> Task to complete
Quote the lines below from the one containing "QR Code for" to the final line, both ends included; exclude the pictures.

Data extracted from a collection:
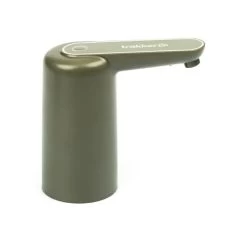 TRAKKER Armolife Powerflo Tap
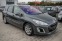 Обява за продажба на Peugeot 308 1.6*2012г*LED*фейс ~9 999 лв. - изображение 3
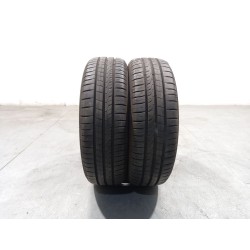 Recambio de neumatico 2 unidades para neumatico neumatico referencia OEM IAM 175/65/14 86T  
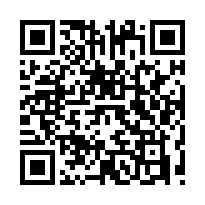 QR Code for bitcoin:bitcoin:MHNukmiwikbvteFZxqKviZHkHT2y4utQcB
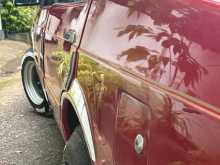 https://riyasewana.com/uploads/mitsubishi-lancer-box-1980-1819062112074.jpg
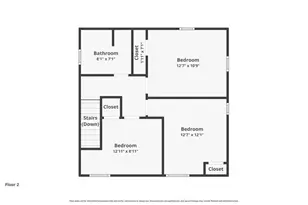 926 Harrison Ave, Hamilton, OH 45013 - Photo 19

> Exercise result
 QR Code for bitcoin:bitcoin:MHNukmiwikbvteFZxqKviZHkHT2y4utQcB
 https://riyasewana.com/uploads/mitsubishi-lancer-box-1980-1819062112074.jpg
 926 Harrison Ave, Hamilton, OH 45013 - Photo 19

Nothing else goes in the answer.